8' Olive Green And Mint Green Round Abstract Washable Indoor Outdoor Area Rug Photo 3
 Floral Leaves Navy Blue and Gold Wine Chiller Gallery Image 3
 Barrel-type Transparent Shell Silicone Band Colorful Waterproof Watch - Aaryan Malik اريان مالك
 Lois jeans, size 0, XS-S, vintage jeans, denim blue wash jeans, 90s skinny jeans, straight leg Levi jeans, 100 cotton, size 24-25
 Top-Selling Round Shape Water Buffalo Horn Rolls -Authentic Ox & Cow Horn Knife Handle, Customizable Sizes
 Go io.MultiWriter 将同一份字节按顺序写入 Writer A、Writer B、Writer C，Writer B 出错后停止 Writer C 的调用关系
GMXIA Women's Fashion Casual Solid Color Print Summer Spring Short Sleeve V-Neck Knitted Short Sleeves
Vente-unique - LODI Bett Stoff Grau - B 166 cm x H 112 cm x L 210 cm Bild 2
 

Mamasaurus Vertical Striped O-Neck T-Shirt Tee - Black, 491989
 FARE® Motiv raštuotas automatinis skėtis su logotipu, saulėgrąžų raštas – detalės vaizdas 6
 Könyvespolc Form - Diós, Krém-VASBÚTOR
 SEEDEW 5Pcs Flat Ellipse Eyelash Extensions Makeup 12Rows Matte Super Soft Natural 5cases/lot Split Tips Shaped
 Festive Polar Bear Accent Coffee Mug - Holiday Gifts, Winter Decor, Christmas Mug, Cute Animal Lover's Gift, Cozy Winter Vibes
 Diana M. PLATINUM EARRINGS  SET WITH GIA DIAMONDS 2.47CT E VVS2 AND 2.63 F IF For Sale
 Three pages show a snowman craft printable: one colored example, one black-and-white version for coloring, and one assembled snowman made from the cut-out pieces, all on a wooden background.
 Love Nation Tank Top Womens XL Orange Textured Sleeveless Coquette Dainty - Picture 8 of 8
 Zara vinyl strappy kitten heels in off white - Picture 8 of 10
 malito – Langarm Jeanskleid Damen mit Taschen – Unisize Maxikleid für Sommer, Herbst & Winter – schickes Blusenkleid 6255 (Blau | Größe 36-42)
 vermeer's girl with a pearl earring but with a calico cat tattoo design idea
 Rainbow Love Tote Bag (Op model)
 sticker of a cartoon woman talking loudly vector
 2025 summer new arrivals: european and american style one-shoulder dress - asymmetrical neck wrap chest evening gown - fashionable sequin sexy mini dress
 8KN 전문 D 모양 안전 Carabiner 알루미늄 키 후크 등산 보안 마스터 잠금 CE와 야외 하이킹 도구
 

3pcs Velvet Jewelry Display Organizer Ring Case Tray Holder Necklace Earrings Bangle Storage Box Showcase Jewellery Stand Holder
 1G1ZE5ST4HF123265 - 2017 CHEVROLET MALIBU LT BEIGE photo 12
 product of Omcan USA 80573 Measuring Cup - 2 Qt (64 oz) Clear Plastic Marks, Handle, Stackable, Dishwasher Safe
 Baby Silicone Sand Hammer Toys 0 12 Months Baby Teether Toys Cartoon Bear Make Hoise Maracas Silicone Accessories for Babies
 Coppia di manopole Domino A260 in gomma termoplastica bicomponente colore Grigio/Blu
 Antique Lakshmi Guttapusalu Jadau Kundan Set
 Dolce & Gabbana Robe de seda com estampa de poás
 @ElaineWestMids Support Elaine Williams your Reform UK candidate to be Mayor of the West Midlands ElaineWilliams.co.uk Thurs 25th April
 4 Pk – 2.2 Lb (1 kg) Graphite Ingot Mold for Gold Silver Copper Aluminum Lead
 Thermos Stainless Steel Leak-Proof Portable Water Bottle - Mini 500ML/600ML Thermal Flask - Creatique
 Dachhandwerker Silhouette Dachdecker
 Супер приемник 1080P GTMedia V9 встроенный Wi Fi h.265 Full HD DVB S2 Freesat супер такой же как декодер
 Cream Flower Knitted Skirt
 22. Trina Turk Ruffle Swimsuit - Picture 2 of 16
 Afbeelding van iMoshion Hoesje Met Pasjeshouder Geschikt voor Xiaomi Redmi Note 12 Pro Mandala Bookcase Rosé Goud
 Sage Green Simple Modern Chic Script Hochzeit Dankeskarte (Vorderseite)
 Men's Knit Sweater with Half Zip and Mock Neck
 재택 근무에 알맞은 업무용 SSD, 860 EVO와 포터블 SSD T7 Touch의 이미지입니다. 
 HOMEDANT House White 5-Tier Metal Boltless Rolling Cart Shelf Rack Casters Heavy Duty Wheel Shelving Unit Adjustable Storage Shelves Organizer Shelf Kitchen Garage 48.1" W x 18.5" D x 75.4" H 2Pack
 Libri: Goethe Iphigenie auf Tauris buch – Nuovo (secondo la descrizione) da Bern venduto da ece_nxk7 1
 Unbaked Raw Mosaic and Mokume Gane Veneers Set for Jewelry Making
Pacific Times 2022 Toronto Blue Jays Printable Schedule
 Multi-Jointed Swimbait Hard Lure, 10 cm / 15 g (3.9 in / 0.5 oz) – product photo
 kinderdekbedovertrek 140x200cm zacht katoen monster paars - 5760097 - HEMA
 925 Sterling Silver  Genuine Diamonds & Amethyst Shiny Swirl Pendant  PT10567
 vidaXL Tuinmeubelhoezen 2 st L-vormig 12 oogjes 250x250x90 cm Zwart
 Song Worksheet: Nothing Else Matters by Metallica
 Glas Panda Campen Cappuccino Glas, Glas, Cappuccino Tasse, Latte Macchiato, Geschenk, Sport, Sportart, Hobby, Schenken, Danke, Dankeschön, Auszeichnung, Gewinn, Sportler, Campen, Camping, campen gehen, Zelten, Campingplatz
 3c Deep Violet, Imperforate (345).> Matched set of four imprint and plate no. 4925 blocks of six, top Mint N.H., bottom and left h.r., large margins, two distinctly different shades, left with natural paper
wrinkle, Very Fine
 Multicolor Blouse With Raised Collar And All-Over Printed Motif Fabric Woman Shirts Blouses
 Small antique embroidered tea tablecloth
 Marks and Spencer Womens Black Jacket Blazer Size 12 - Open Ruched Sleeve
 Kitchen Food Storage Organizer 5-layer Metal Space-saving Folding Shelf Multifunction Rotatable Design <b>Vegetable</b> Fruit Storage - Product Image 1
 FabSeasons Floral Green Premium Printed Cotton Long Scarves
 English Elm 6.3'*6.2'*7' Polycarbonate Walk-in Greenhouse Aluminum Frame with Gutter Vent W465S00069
########################################
Copy the entire listing above, line for line, exactly.

8' Olive Green And Mint Green Round Abstract Washable Indoor Outdoor Area Rug Photo 3
 Floral Leaves Navy Blue and Gold Wine Chiller Gallery Image 3
 Barrel-type Transparent Shell Silicone Band Colorful Waterproof Watch - Aaryan Malik اريان مالك
 Lois jeans, size 0, XS-S, vintage jeans, denim blue wash jeans, 90s skinny jeans, straight leg Levi jeans, 100 cotton, size 24-25
 Top-Selling Round Shape Water Buffalo Horn Rolls -Authentic Ox & Cow Horn Knife Handle, Customizable Sizes
 Go io.MultiWriter 将同一份字节按顺序写入 Writer A、Writer B、Writer C，Writer B 出错后停止 Writer C 的调用关系
GMXIA Women's Fashion Casual Solid Color Print Summer Spring Short Sleeve V-Neck Knitted Short Sleeves
Vente-unique - LODI Bett Stoff Grau - B 166 cm x H 112 cm x L 210 cm Bild 2
 

Mamasaurus Vertical Striped O-Neck T-Shirt Tee - Black, 491989
 FARE® Motiv raštuotas automatinis skėtis su logotipu, saulėgrąžų raštas – detalės vaizdas 6
 Könyvespolc Form - Diós, Krém-VASBÚTOR
 SEEDEW 5Pcs Flat Ellipse Eyelash Extensions Makeup 12Rows Matte Super Soft Natural 5cases/lot Split Tips Shaped
 Festive Polar Bear Accent Coffee Mug - Holiday Gifts, Winter Decor, Christmas Mug, Cute Animal Lover's Gift, Cozy Winter Vibes
 Diana M. PLATINUM EARRINGS  SET WITH GIA DIAMONDS 2.47CT E VVS2 AND 2.63 F IF For Sale
 Three pages show a snowman craft printable: one colored example, one black-and-white version for coloring, and one assembled snowman made from the cut-out pieces, all on a wooden background.
 Love Nation Tank Top Womens XL Orange Textured Sleeveless Coquette Dainty - Picture 8 of 8
 Zara vinyl strappy kitten heels in off white - Picture 8 of 10
 malito – Langarm Jeanskleid Damen mit Taschen – Unisize Maxikleid für Sommer, Herbst & Winter – schickes Blusenkleid 6255 (Blau | Größe 36-42)
 vermeer's girl with a pearl earring but with a calico cat tattoo design idea
 Rainbow Love Tote Bag (Op model)
 sticker of a cartoon woman talking loudly vector
 2025 summer new arrivals: european and american style one-shoulder dress - asymmetrical neck wrap chest evening gown - fashionable sequin sexy mini dress
 8KN 전문 D 모양 안전 Carabiner 알루미늄 키 후크 등산 보안 마스터 잠금 CE와 야외 하이킹 도구
 

3pcs Velvet Jewelry Display Organizer Ring Case Tray Holder Necklace Earrings Bangle Storage Box Showcase Jewellery Stand Holder
 1G1ZE5ST4HF123265 - 2017 CHEVROLET MALIBU LT BEIGE photo 12
 product of Omcan USA 80573 Measuring Cup - 2 Qt (64 oz) Clear Plastic Marks, Handle, Stackable, Dishwasher Safe
 Baby Silicone Sand Hammer Toys 0 12 Months Baby Teether Toys Cartoon Bear Make Hoise Maracas Silicone Accessories for Babies
 Coppia di manopole Domino A260 in gomma termoplastica bicomponente colore Grigio/Blu
 Antique Lakshmi Guttapusalu Jadau Kundan Set
 Dolce & Gabbana Robe de seda com estampa de poás
 @ElaineWestMids Support Elaine Williams your Reform UK candidate to be Mayor of the West Midlands ElaineWilliams.co.uk Thurs 25th April
 4 Pk – 2.2 Lb (1 kg) Graphite Ingot Mold for Gold Silver Copper Aluminum Lead
 Thermos Stainless Steel Leak-Proof Portable Water Bottle - Mini 500ML/600ML Thermal Flask - Creatique
 Dachhandwerker Silhouette Dachdecker
 Супер приемник 1080P GTMedia V9 встроенный Wi Fi h.265 Full HD DVB S2 Freesat супер такой же как декодер
 Cream Flower Knitted Skirt
 22. Trina Turk Ruffle Swimsuit - Picture 2 of 16
 Afbeelding van iMoshion Hoesje Met Pasjeshouder Geschikt voor Xiaomi Redmi Note 12 Pro Mandala Bookcase Rosé Goud
 Sage Green Simple Modern Chic Script Hochzeit Dankeskarte (Vorderseite)
 Men's Knit Sweater with Half Zip and Mock Neck
 재택 근무에 알맞은 업무용 SSD, 860 EVO와 포터블 SSD T7 Touch의 이미지입니다. 
 HOMEDANT House White 5-Tier Metal Boltless Rolling Cart Shelf Rack Casters Heavy Duty Wheel Shelving Unit Adjustable Storage Shelves Organizer Shelf Kitchen Garage 48.1" W x 18.5" D x 75.4" H 2Pack
 Libri: Goethe Iphigenie auf Tauris buch – Nuovo (secondo la descrizione) da Bern venduto da ece_nxk7 1
 Unbaked Raw Mosaic and Mokume Gane Veneers Set for Jewelry Making
Pacific Times 2022 Toronto Blue Jays Printable Schedule
 Multi-Jointed Swimbait Hard Lure, 10 cm / 15 g (3.9 in / 0.5 oz) – product photo
 kinderdekbedovertrek 140x200cm zacht katoen monster paars - 5760097 - HEMA
 925 Sterling Silver  Genuine Diamonds & Amethyst Shiny Swirl Pendant  PT10567
 vidaXL Tuinmeubelhoezen 2 st L-vormig 12 oogjes 250x250x90 cm Zwart
 Song Worksheet: Nothing Else Matters by Metallica
 Glas Panda Campen Cappuccino Glas, Glas, Cappuccino Tasse, Latte Macchiato, Geschenk, Sport, Sportart, Hobby, Schenken, Danke, Dankeschön, Auszeichnung, Gewinn, Sportler, Campen, Camping, campen gehen, Zelten, Campingplatz
 3c Deep Violet, Imperforate (345).> Matched set of four imprint and plate no. 4925 blocks of six, top Mint N.H., bottom and left h.r., large margins, two distinctly different shades, left with natural paper
wrinkle, Very Fine
 Multicolor Blouse With Raised Collar And All-Over Printed Motif Fabric Woman Shirts Blouses
 Small antique embroidered tea tablecloth
 Marks and Spencer Womens Black Jacket Blazer Size 12 - Open Ruched Sleeve
 Kitchen Food Storage Organizer 5-layer Metal Space-saving Folding Shelf Multifunction Rotatable Design <b>Vegetable</b> Fruit Storage - Product Image 1
 FabSeasons Floral Green Premium Printed Cotton Long Scarves
 English Elm 6.3'*6.2'*7' Polycarbonate Walk-in Greenhouse Aluminum Frame with Gutter Vent W465S00069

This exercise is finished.